Al mismo tiempo se abrazó a sí mismo con ambos brazos, como si
quisiera impedir la dispersión de su propio cuerpo, y se dirigió
cojeando hacia la cerca de poca elevación de la iglesia. Cuando se
marchaba, pasando por entre las ortigas y por entre las zarzas que
rodeaban los verdes montículos, iba mirando, según pareció a mis
infantiles ojos, como si quisiera eludir las manos de los muertos
que asomaran cautelosamente de las tumbas para agarrarlo por el
tobillo y meterlo en las sepulturas.
Cuando llegó a la cerca de la iglesia, la saltó como hombre
cuyas piernas están envaradas y adormecidas, y luego se volvió para
observarme. Al ver que me contemplaba, volví el rostro hacia mi
casa a hice el mejor uso posible de mis piernas. Pero luego miré
por encima de mi hombro, y le vi que se dirigía nuevamente hacia el
río, abrazándose todavía con los dos brazos y eligiendo el camino
con sus doloridos pies, entre las grandes piedras que fueron
colocadas en el marjal a fin de poder pasar por allí en la época de
las lluvias o en la pleamar.
Ahora los marjales parecían una larga y negra línea horizontal.

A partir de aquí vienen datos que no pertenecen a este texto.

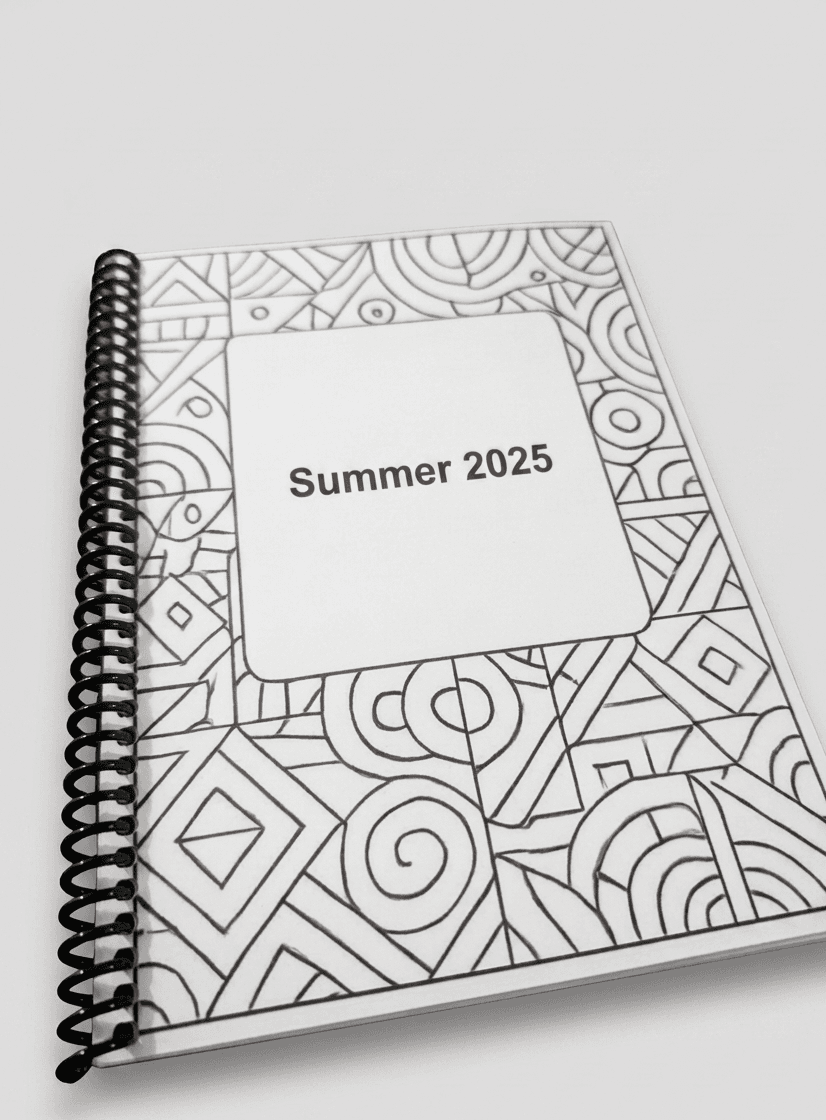 A printed spiral-bound coloring book titled Summer 2025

En el cielo había fajas rojizas, separadas por otras muy negras. A
orillas del río pude distinguir débilmente las dos únicas cosas
oscuras que parecían estar erguidas; una de ellas era la baliza,
gracias a la cual se orientaban los marinos, parecida a un barril
sin tapa sobre una pértiga, cosa muy fea y desagradable cuando se
estaba cerca: era una horca, de la que colgaban algunas cadenas que
un día tuvieron suspendido el cuerpo de un pirata. Aquel hombre se
acercaba cojeando a esta última, como si fuese el pirata resucitado
y quisiera ahorcarse otra vez. Cuando pensé en eso, me asusté de un
modo terrible y, al ver que las ovejas levantaban sus cabezas para
mirar a aquel hombre, me pregunté si también creerían lo mismo que
yo. Volví los ojos alrededor de mí en busca de aquel terrible
joven, mas no pude descubrir la menor huella de él. Y como me había
asustado otra vez, eché a correr hacia casa sin detenerme.